SINGAPORE (Reuters) – Singapore police said on Friday they are investigating a complaint from Ryde Technologies, a new entrant in the city state’s competitive ride-hailing business, that alleged fake bookings were made on its app.
Ryde said its drivers had reported nearly 300 fake accounts and 2,000 phantom bookings since mid-May.
“Such manipulations of the app have distressed affected drivers as their means of livelihood have been impacted,” Ryde said in a statement on Thursday.
Singapore police confirmed on Friday that Ryde had filed a complaint and investigations are ongoing.
New entrants have sprung up in Singapore after ride-hailing firm Grab acquired the Southeast Asian business of rival Uber Technologies this year.
Though barriers to entry are relatively low in the ride-hailing sector, analysts say new entrants need to scale up quickly to compete with Grab.
The issue of fake bookings has emerged in other markets.

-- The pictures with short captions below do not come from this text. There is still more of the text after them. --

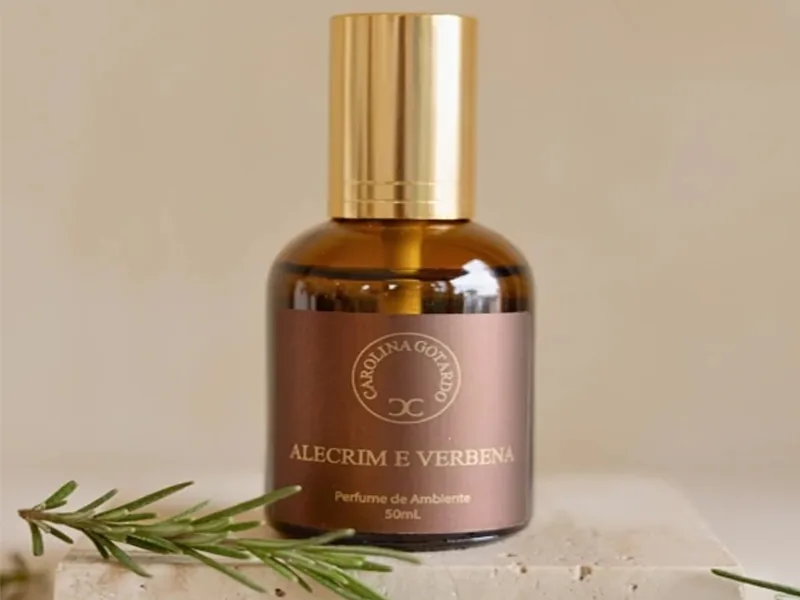 Mini Home Spray 50ml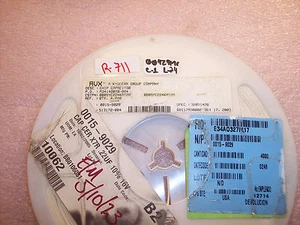 QTY (4000) .22uf 16V 10% X7R 0805 SMD CERAMIC MLCC CAPACITORS 0805YC224KAT2A AVX - Picture 1 of 1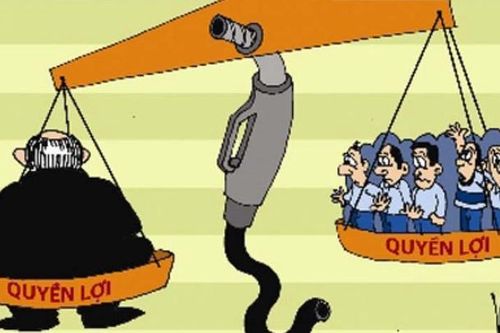 Tự tu chỉnh, 'đánh thắng kẻ địch bên trong của mỗi chúng ta'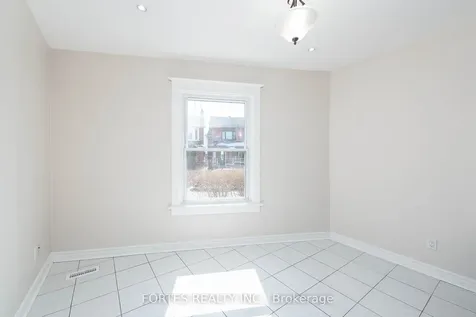 8 Spring Grove Avenue Toronto ON M6N 3H3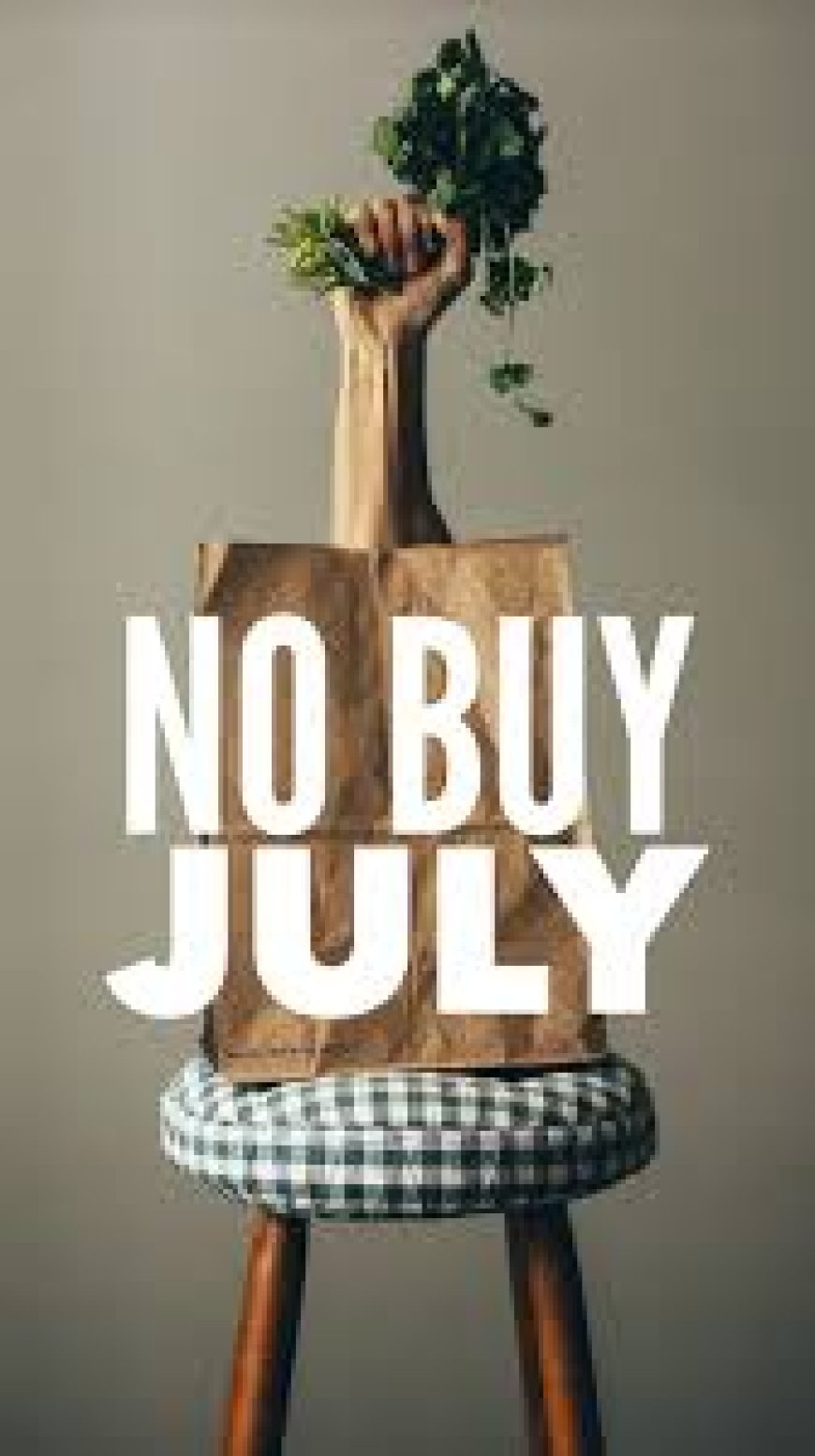 Τάση “No Buy”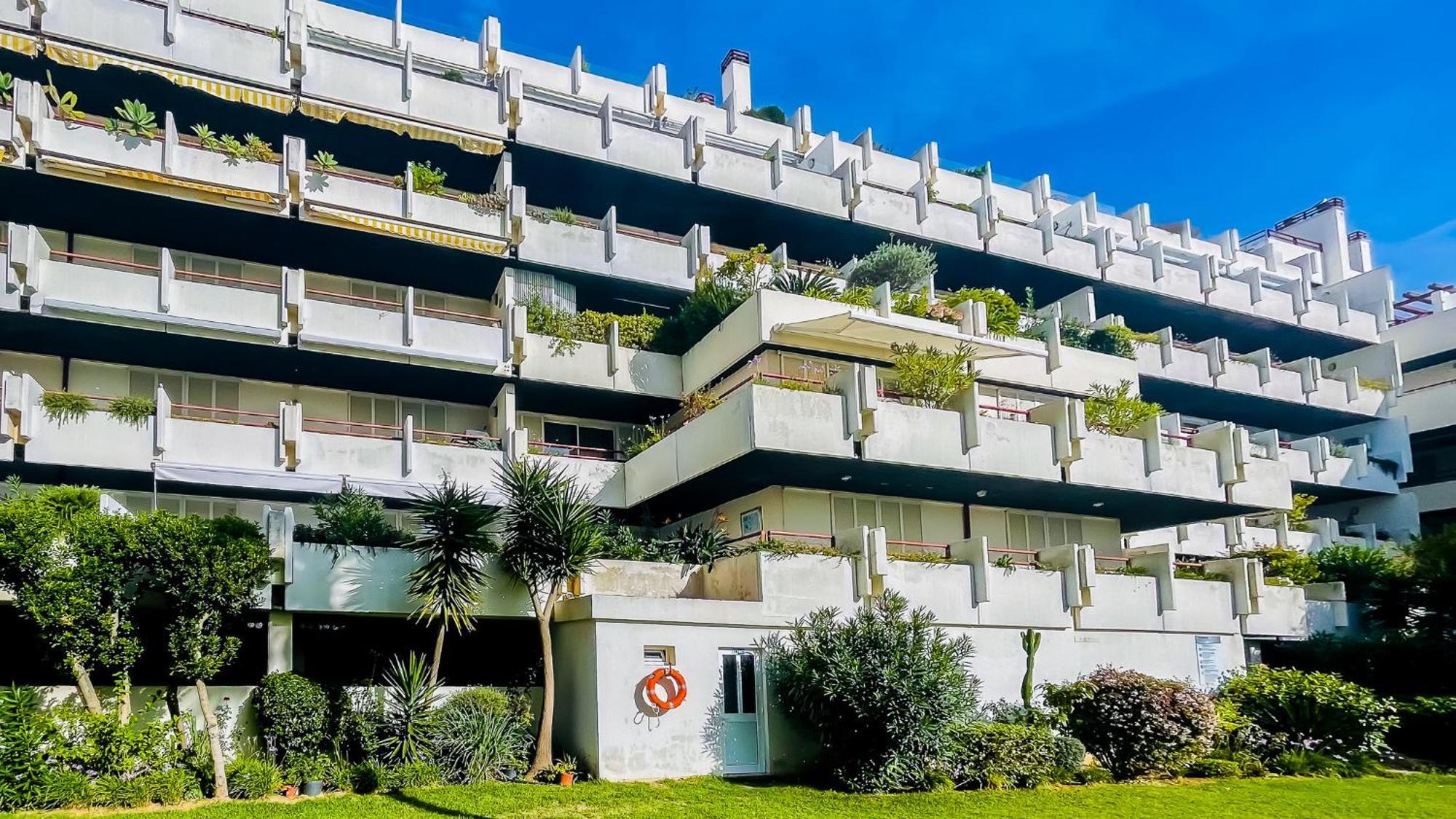 Yes! Vista Marina! T1 Hsr Vilamarina Apartment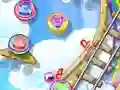Hra Rainbow Pinball online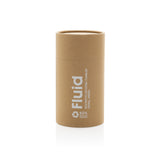 Fluid RCS gerecycled RVS beker 500ML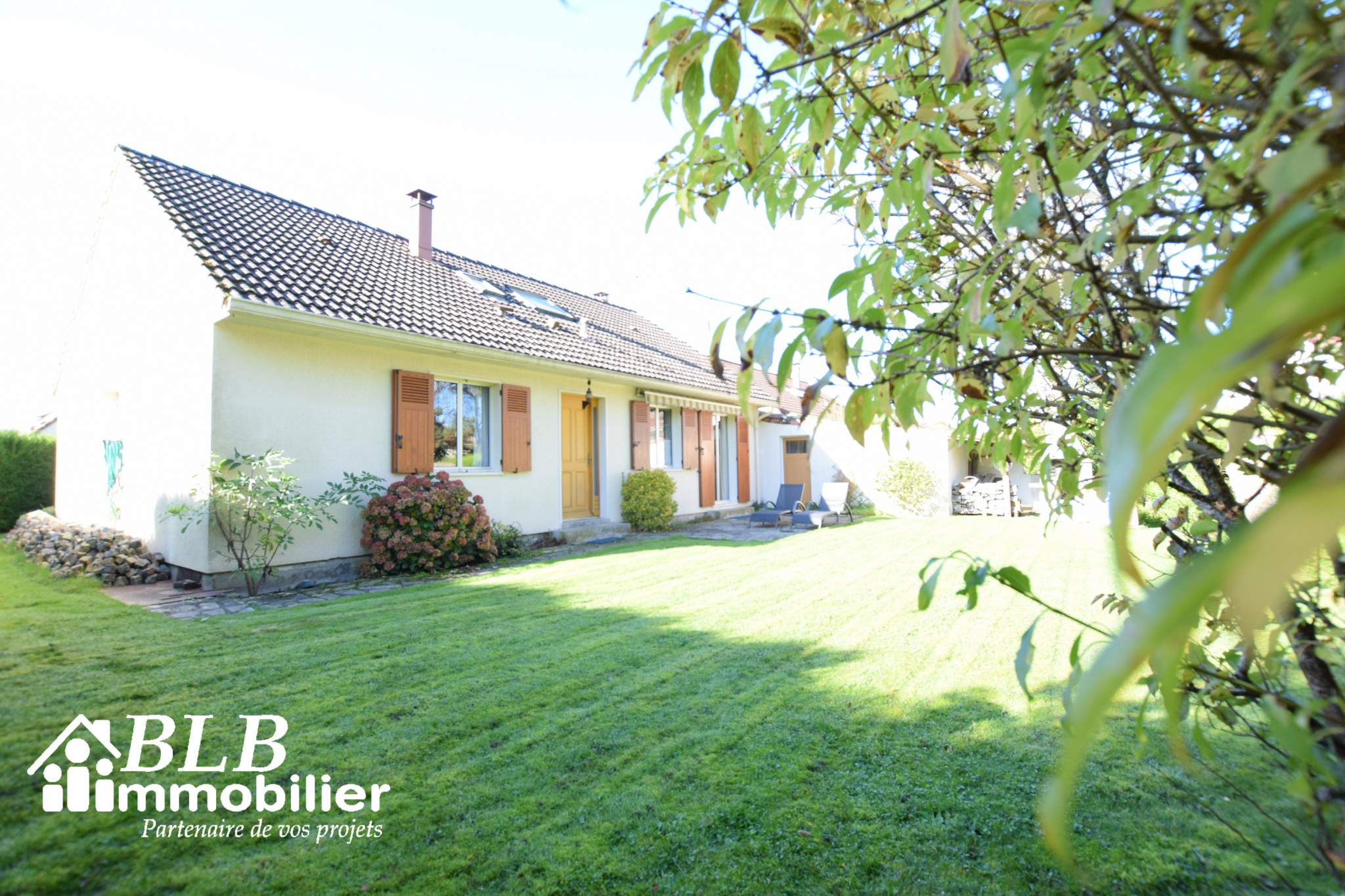 Agence immobilière de BLB Immobilier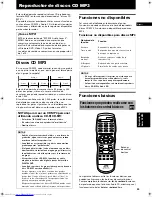 Preview for 139 page of JVC XV-E111SL (German) Bedienungsanleitung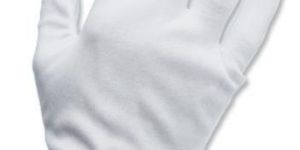 Nylon Hand Gloves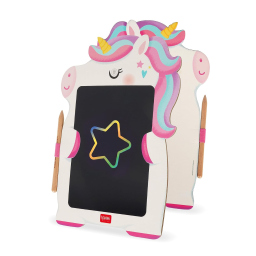Legami Magic Sketch lavagna LCD portatile per bambini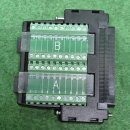 TC-40F SAMWON ACT IOLINK TERMINAL CONNECTOR 중고 이미지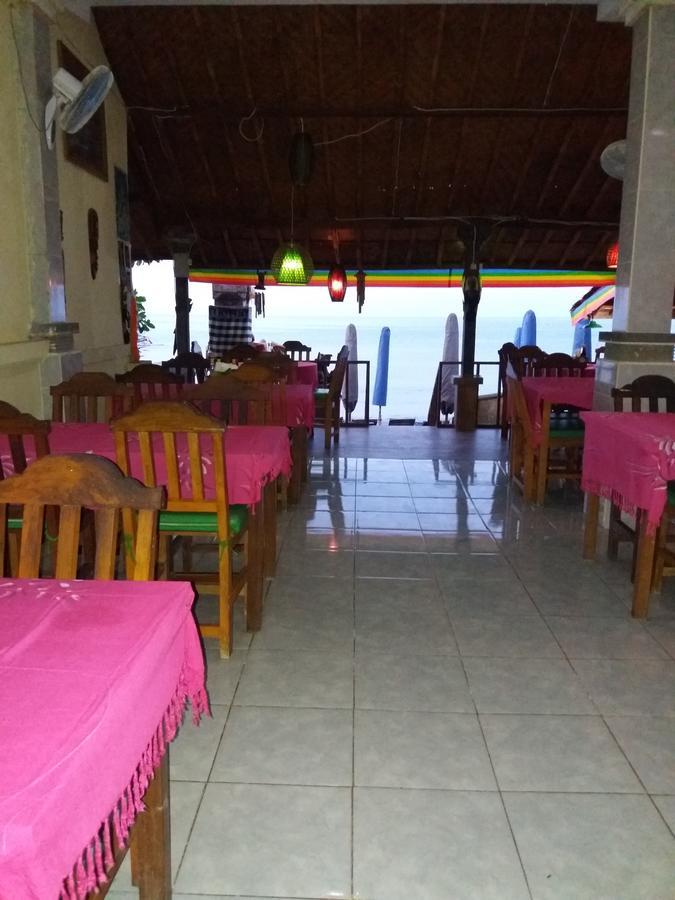 Warung Jemeluk & Home Stay آميدْ المظهر الخارجي الصورة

Uber sued Indian competitor Ola for $7.5 million in 2016, accusing it of creating fake accounts and making false bookings to interfere with its business. Ola has denied any wrongdoing.
Ryde said it had notified the Competition and Consumer Commission of Singapore and the Land Transport Authority about the fake bookings. Both regulators confirmed they are aware of Ryde’s complaint.
“On top of causing drivers to lose money on fuel, these acts severely limit the drivers’ availability to take on more jobs as it sends them driving around in vain when they could have been picking up legitimate riders,” Ryde said.